**** Excerpted data

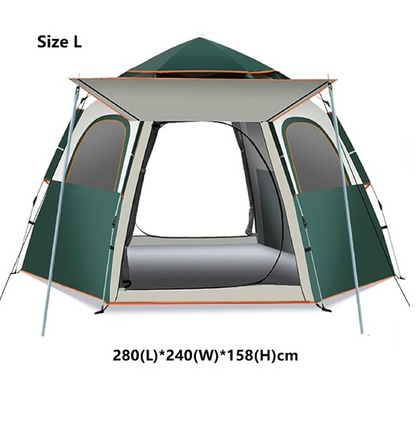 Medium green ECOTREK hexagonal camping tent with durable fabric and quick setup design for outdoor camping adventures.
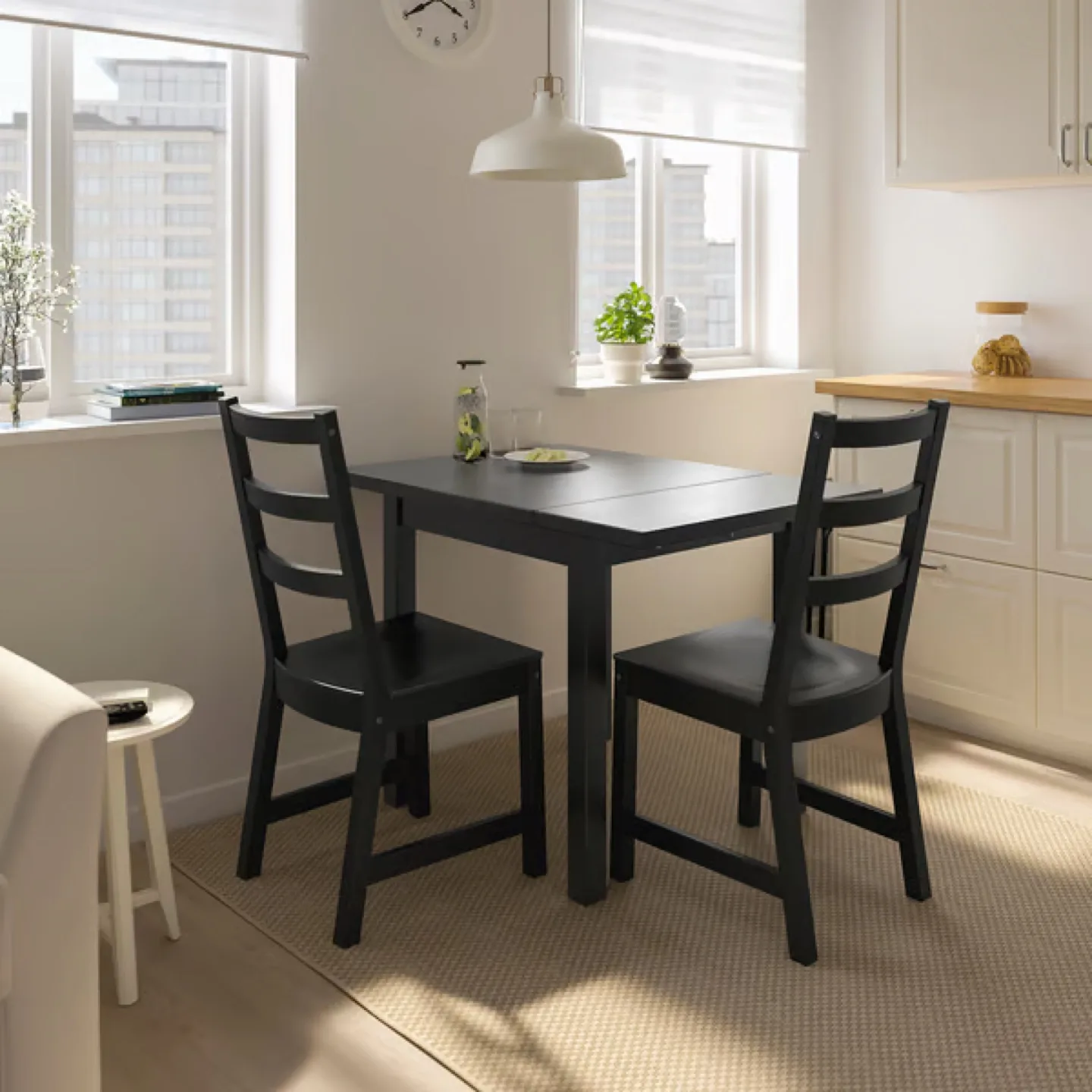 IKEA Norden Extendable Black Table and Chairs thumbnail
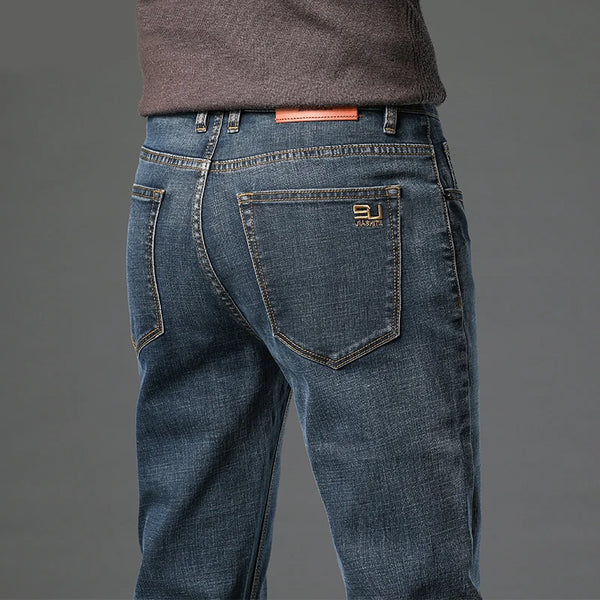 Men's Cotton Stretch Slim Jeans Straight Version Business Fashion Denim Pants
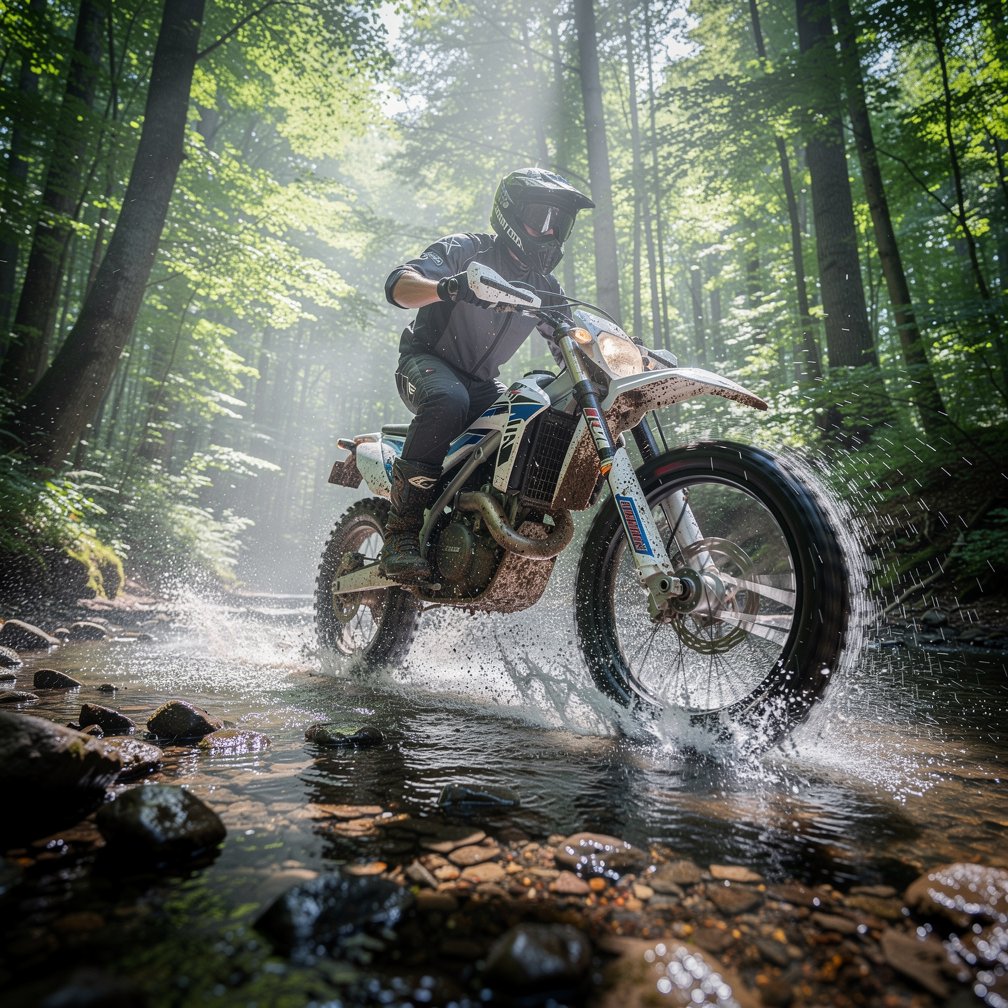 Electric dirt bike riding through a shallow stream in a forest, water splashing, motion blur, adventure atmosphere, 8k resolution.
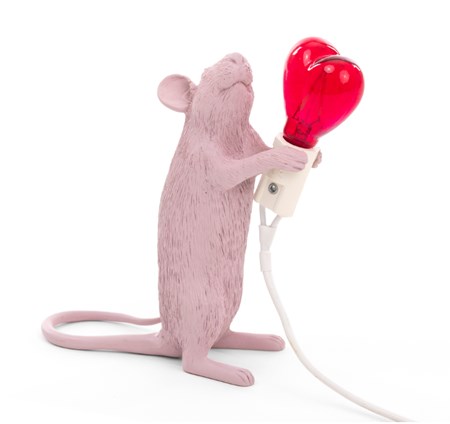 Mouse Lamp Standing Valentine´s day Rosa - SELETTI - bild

********
**** Excerpted data

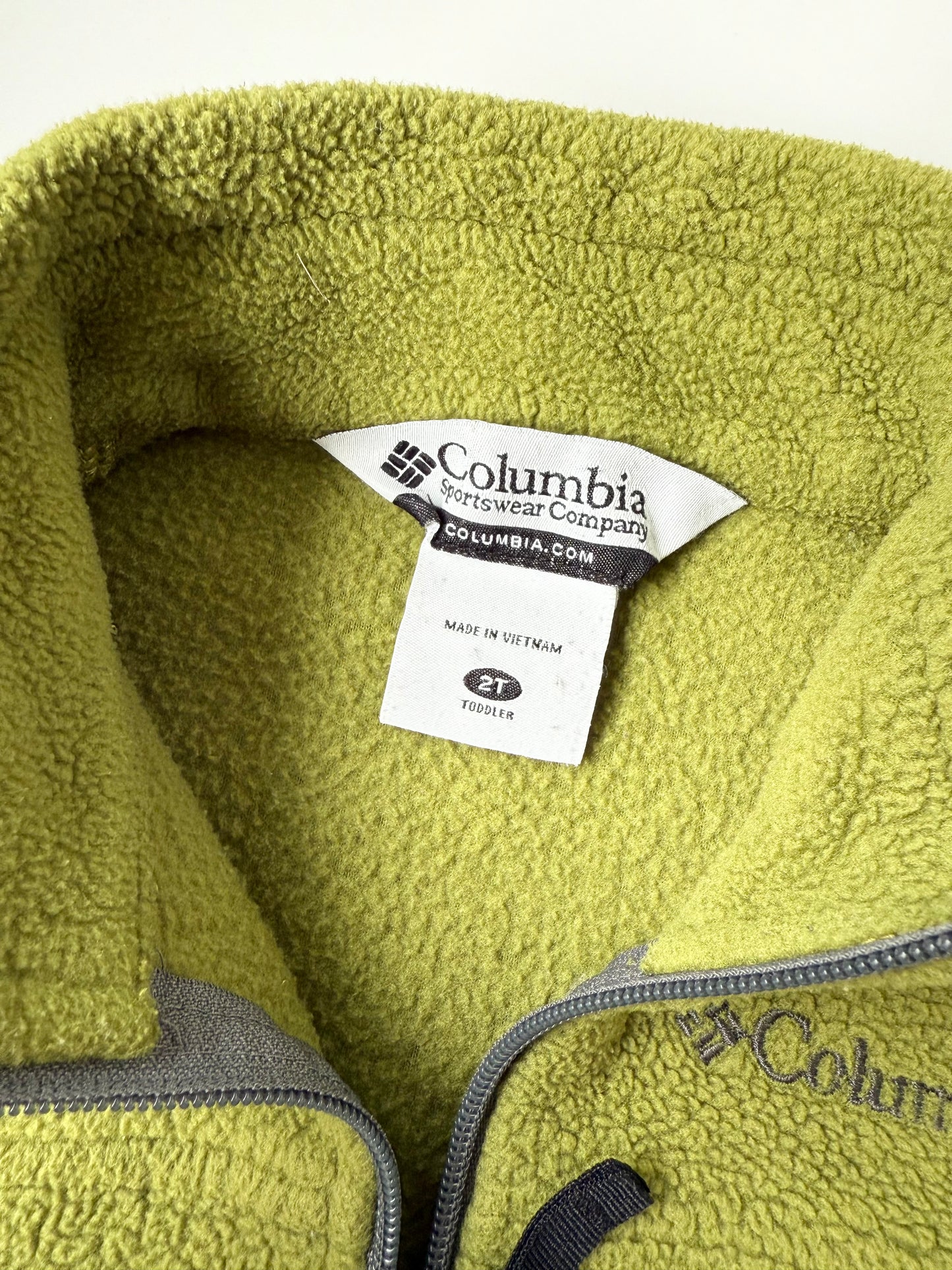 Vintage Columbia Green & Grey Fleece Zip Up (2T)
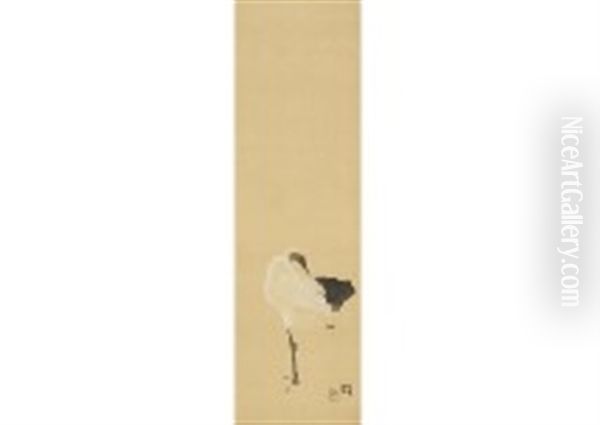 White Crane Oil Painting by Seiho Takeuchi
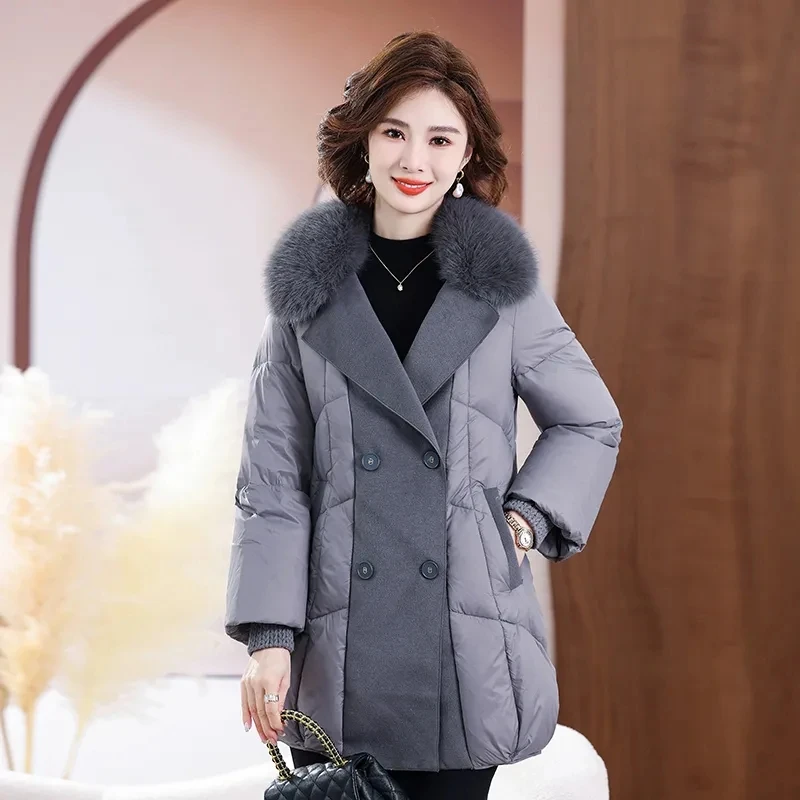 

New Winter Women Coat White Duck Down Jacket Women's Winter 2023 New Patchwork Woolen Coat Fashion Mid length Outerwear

********
**** Excerpted data

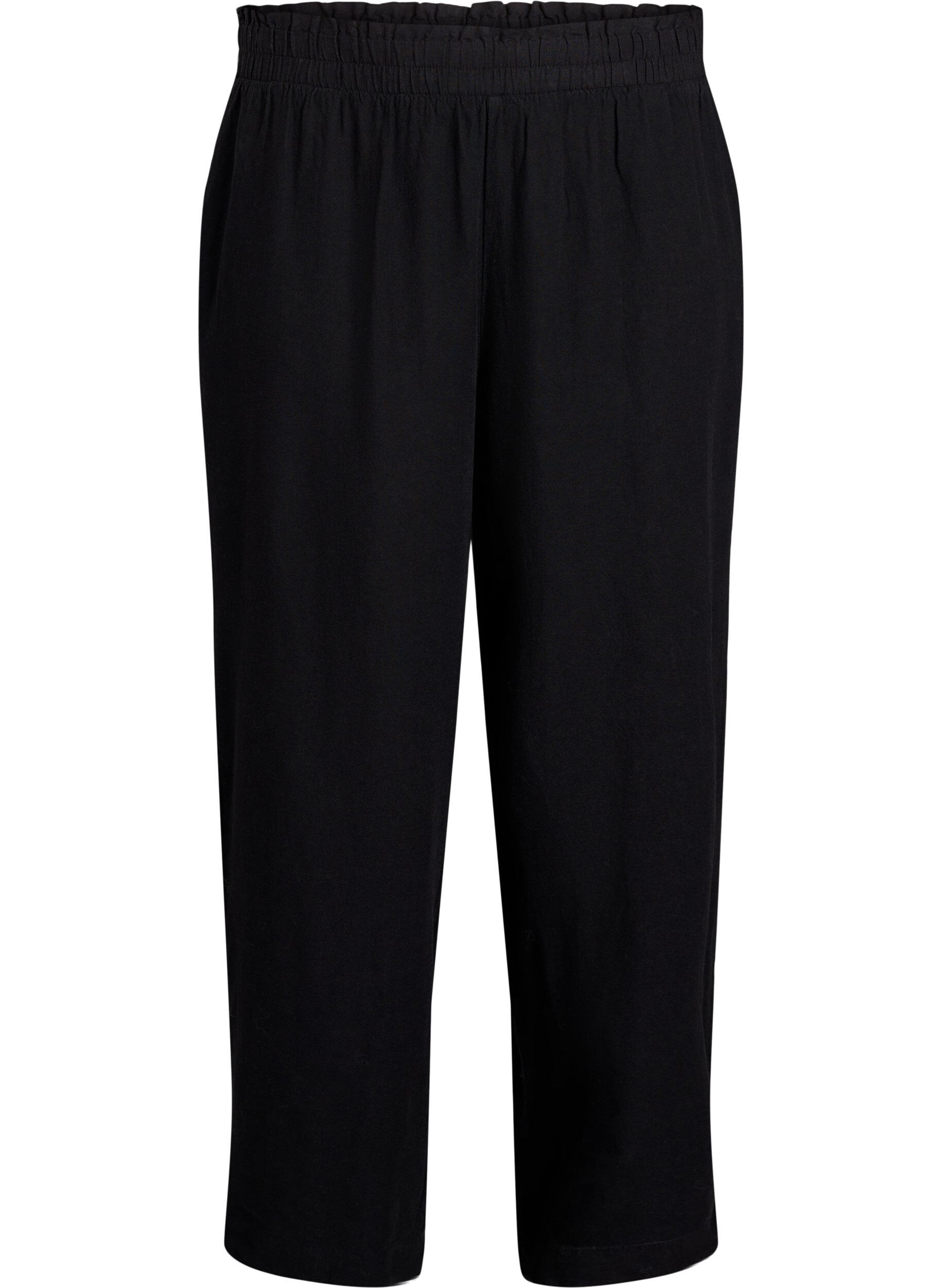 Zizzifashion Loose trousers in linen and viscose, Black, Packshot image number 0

********

_Exercise:_ Given the records above, return the lines starting at the one that holds "White Crane Oil Painting by Seiho Takeuchi" and ending at the one that holds "New Winter Women", exactly, and nothing besides; leave every picture out.

_Reply to the task:_
 White Crane Oil Painting by Seiho Takeuchi

New Winter Women Coat White Duck Down Jacket Women's Winter 2023 New Patchwork Woolen Coat Fashion Mid length Outerwear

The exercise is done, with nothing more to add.